2.5 Advantages and limitations of the measurement methods exploited
Main advantages of the two measurement methods used in this study can be outlined below. Both methods are non-intrusive, which is critically important in both theoretical study and practical applications. Non-intrusiveness eliminates any possible effects of the measuring probes on the two-phase flow field which is potentially highly affected by the existence of any inserted objects. In practical applications, it is of considerable difficulty to insert measuring probes in any working systems, especially in industrially extreme conditions. Furthermore, both methods can provide spatially-distributed data which is of significant importance in study of fluid flow in general, and of two-phase flow in particular.
Presently, major limitations of the UVP method can appear when the method is applied in practical situations, such as measurement of existing flow systems etc. The reason is that UVP method requires ultrasonic reflectors in the flow field. In working flow systems in practice, ultrasonic reflectors in the fluid flow might be lacking. This problem can be solved by generating cavitation bubbles with the use of a non-intrusive ultrasonic generator [16]. In this technique, careful investigation needs to be carried out regarding the effects of the appearance of cavitation bubbles on the flow characteristics/parameters. Besides, obviously, the digital optical imaging requires an optical window and transparent working fluid in order to capture the flow image. In some practical flow systems, satisfying this requirement might also be difficult.
3.1 Experimental flow loop
A test flow loop has been set up as schematically shown in Figure 4 where 1: floor tank; 2: water flow-rate controlling valve; 3: bubble generator; 4: test pipe of 50 mm I.D. and made of transparent acrylic material; 5, 9: overflow weirs; 6: water pump; 7: bypass valves; 8: pipe for water supply to the upper tank; 10: upper tank; 11: water box; 12: multi-wave TDX (Japan Probe Co. Ltd.); 13, 15: drainage pipes; 14: water drainage valves; 16: air compressor; 17: air flow-rate controlling valve; 18: air flow-rate regulator (Cole Parmer Co. Ltd.); 19: float valve for air flow-rate measurement (Tokyo Keiso Co. Ltd.); 20: P/R (JSR Ultrasonics Co. Ltd.); 21: PC, ADC (National Instrument Co. Ltd.) and signal processing software etc.; 22: water flow-meter (Aichi Tokei Co. Ltd.); 24: High speed camera; 25: Light source; 26: PC for image acquisition and processing. Various two-phase flow regimes including bubbly flow, slug flow, annular flow etc. can be generated in the loop.

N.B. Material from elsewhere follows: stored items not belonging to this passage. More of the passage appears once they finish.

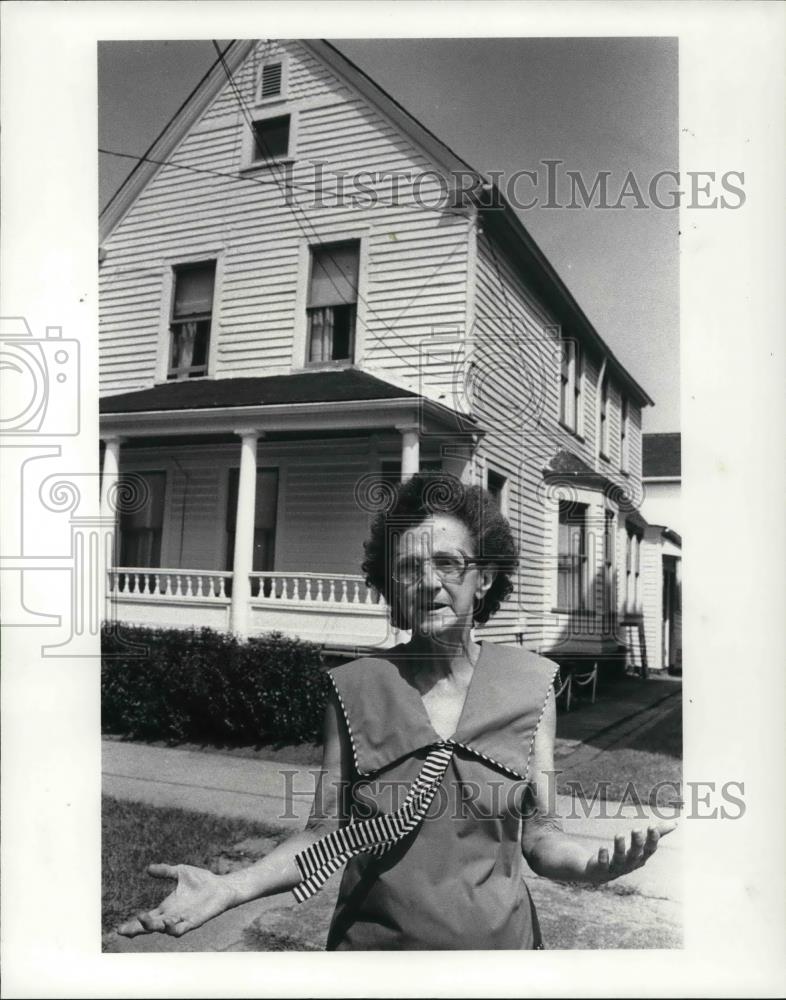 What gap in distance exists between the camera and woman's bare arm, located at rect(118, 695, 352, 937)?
1.87 metres

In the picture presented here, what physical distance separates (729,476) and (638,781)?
40.9 inches

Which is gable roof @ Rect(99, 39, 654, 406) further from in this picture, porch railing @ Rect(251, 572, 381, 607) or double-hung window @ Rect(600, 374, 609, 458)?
porch railing @ Rect(251, 572, 381, 607)

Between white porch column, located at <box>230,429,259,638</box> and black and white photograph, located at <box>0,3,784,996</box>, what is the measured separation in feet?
0.04

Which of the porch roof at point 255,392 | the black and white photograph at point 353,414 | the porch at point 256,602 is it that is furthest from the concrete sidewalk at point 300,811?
the porch roof at point 255,392

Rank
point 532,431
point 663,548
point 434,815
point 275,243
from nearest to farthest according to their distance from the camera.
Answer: point 434,815 → point 663,548 → point 532,431 → point 275,243

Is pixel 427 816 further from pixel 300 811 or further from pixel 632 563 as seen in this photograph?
pixel 632 563

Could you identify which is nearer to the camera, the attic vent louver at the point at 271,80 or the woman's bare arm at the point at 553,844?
the woman's bare arm at the point at 553,844

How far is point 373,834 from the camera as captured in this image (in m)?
2.09

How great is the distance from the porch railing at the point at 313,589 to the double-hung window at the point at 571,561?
620mm

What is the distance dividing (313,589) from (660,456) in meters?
1.20

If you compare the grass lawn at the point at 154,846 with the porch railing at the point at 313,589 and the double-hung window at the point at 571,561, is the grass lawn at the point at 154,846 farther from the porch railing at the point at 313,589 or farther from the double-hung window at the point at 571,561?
the double-hung window at the point at 571,561

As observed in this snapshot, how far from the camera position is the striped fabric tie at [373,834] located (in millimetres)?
1983

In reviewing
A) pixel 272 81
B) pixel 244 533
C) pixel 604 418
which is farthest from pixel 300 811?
pixel 272 81

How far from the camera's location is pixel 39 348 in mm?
2744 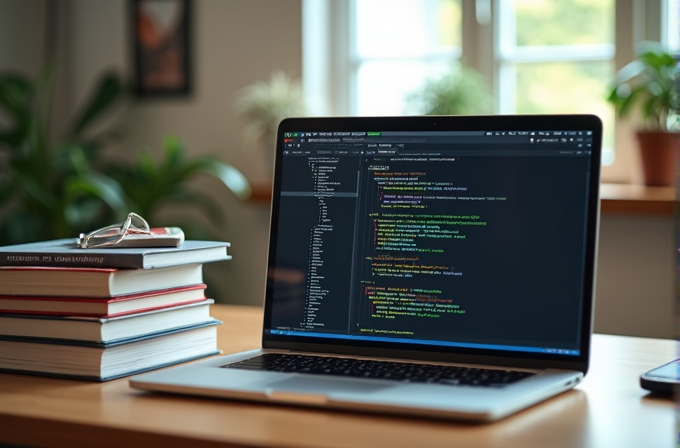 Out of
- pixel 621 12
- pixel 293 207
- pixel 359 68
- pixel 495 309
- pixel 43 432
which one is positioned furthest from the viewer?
pixel 359 68

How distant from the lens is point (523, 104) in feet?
10.4

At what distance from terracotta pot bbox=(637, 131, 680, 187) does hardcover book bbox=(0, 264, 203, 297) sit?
1951 mm

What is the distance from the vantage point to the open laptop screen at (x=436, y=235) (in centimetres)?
102

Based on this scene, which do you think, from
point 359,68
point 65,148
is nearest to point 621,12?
point 359,68

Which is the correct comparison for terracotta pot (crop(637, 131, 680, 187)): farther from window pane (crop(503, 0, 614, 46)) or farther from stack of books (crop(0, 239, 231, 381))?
stack of books (crop(0, 239, 231, 381))

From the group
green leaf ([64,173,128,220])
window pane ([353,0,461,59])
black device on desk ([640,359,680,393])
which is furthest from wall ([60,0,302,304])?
black device on desk ([640,359,680,393])

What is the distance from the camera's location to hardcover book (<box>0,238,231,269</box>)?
1077 millimetres

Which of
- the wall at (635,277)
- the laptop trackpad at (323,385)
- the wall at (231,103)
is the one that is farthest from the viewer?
the wall at (231,103)

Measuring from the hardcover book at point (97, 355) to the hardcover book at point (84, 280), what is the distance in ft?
0.20

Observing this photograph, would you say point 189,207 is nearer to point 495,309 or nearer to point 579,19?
point 579,19

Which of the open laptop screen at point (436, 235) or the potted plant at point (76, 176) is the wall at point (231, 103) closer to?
the potted plant at point (76, 176)

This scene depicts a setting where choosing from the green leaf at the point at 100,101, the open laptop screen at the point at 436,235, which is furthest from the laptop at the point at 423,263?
the green leaf at the point at 100,101

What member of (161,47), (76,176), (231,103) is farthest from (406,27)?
(76,176)

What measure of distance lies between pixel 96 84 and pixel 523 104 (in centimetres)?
178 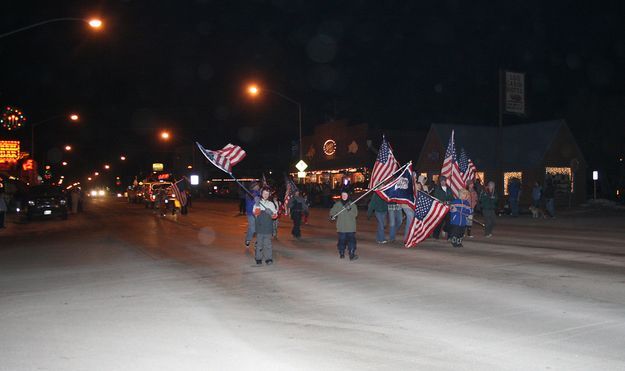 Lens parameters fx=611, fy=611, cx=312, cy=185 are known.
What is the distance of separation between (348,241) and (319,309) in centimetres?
517

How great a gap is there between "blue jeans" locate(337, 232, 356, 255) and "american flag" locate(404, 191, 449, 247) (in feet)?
8.56

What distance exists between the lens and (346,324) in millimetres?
7551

Though the bubbly counter-current flow that can be generated in the flow loop can be useful in theoretical study of two-phase flow, and can exist in some practical situations such as in one of the cooling modes in many power-generation facilities, bubbly co-current flow can be of highly significant importance as well. In these systems, the cooling water is pumped upward in cooling pipes/towers. At the same time, generated vapor bubbles also rise upward in the water flow. Hence a co-current bubbly flow usually exists in these flow systems. However, at present state, the flow loop has not yet been fully instrumented to be able to generate both bubbly counter-current and co-current flows in the test pipe. The extension of the flow loop has been fully planned but obviously needs further installation effort.

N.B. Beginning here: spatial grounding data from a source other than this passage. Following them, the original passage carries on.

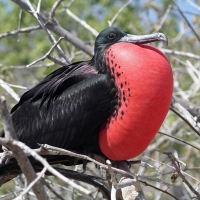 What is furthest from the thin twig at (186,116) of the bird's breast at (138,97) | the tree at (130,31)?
the tree at (130,31)

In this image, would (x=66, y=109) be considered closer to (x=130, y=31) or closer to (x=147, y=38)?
(x=147, y=38)

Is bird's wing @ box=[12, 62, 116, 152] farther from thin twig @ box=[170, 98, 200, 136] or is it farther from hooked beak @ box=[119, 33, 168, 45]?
thin twig @ box=[170, 98, 200, 136]

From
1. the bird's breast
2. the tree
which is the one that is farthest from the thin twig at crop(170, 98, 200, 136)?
the tree

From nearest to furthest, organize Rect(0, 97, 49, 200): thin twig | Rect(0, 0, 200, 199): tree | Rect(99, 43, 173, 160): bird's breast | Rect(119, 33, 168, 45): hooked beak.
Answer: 1. Rect(0, 97, 49, 200): thin twig
2. Rect(99, 43, 173, 160): bird's breast
3. Rect(119, 33, 168, 45): hooked beak
4. Rect(0, 0, 200, 199): tree

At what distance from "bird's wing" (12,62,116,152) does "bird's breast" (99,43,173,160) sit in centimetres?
11

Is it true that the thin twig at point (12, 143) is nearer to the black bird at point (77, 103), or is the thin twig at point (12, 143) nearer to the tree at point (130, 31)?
the black bird at point (77, 103)

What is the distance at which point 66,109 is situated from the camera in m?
2.77

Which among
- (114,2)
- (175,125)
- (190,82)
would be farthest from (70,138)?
(114,2)

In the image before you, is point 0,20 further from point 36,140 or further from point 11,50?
point 36,140

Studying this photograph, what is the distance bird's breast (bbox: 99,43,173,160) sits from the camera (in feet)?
7.92

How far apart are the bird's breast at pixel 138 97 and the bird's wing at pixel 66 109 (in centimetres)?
11

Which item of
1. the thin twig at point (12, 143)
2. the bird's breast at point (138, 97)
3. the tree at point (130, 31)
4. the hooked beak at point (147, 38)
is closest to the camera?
the thin twig at point (12, 143)

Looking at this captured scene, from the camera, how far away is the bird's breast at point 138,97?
7.92 ft

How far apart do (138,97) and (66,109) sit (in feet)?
1.55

Figure 4. Experimental flow loop
3.2 Flow configuration and experimental settings
Bubbly counter-current flow in the test pipe (see Figure 4) has been measured at the fully developed regime and with varied liquid and gas superficial velocities. Liquid flows downward meanwhile bubbles rise upwards. Nylon power of 80 μm average diameter is used as ultrasonic reflectors for the UVP measurement of the liquid phase. Measurements are carried out for the flow conditions and measurement setups shown in Tables 2-4. For each measurement, 10,000 instantaneous velocity profiles of each phase are obtained. At the same time, the flow field is imaged and recorded.

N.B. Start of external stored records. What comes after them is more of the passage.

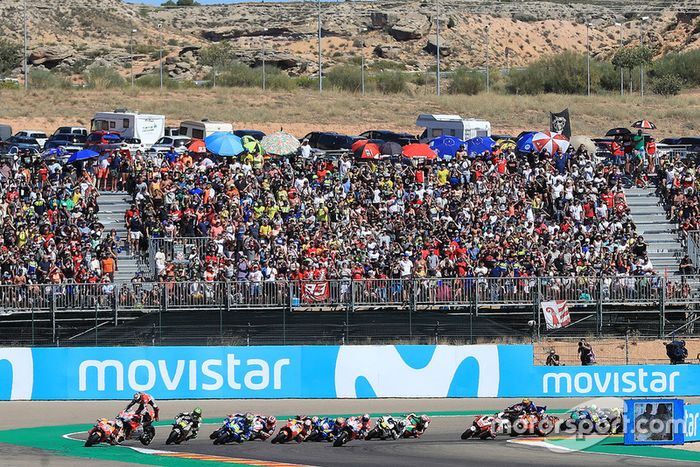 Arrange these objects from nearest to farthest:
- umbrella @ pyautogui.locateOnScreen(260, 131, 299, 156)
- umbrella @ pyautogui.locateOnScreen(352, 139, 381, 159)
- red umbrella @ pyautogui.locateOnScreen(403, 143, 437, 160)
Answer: red umbrella @ pyautogui.locateOnScreen(403, 143, 437, 160), umbrella @ pyautogui.locateOnScreen(260, 131, 299, 156), umbrella @ pyautogui.locateOnScreen(352, 139, 381, 159)

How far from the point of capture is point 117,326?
31.2m

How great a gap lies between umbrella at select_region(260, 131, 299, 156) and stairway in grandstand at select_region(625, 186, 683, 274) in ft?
35.9

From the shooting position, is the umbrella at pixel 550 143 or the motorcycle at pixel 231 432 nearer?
the motorcycle at pixel 231 432

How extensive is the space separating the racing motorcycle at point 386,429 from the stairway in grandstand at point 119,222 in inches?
536

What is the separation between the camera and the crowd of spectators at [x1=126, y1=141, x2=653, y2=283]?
34.6 metres

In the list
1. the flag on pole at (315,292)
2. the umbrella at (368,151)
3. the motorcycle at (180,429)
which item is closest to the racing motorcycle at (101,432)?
the motorcycle at (180,429)

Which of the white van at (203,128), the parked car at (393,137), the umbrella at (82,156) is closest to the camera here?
the umbrella at (82,156)

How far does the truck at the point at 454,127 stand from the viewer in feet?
173

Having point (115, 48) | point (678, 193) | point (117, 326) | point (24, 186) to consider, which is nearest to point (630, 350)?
point (678, 193)

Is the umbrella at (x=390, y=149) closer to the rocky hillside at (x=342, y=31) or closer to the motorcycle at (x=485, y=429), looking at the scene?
the motorcycle at (x=485, y=429)

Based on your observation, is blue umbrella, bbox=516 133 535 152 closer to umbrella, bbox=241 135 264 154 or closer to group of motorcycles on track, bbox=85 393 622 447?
umbrella, bbox=241 135 264 154

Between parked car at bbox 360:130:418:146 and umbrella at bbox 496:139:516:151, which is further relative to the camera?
parked car at bbox 360:130:418:146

Table 2. Experimental conditions
|
Flow Conditions |
Value |
|
System pressure |
Atmosphere |
|
Temperature |
~30℃ |
|
Liquid superficial velocity |
40-132 mm/s |
|
Air superficial velocity |
0.2-8 mm/s |
|
Bubble size |
3-5 mm |
Table 3. UVP measurement settings
|
Setting Parameters |
Value |
|
Spatial resolution |
0.74 mm |
|
Temporal resolution |
4 ms |
|
Sound speed |
1480 m/s |
|
Number of profiles |
10,000 |
Table 4. Digital optical imaging settings
|
Setting Parameters |
Value |
|
Image size |
640×360 |
|
Image resolution |
0.25 mm/pixel |
|
Sampling speed |
300 fps |
3.3 Measurement calibration and measurement error
The components of the measurement systems have always been fully calibrated before measurements so they work properly as expected. This can be fully evaluated by checking the received data. Regarding the UVP system, the center frequencies of the multiwave UVP sensor are always confirmed to be 2 MHz and 8 MHz. As for the digital optical imaging system, the received digital images are always confirmed to be proper (i.e., no distortion) and of high quality in normal lighting condition. In order to evaluate the accuracy of the measured results, analysis of the measurement error has been carried out as follows.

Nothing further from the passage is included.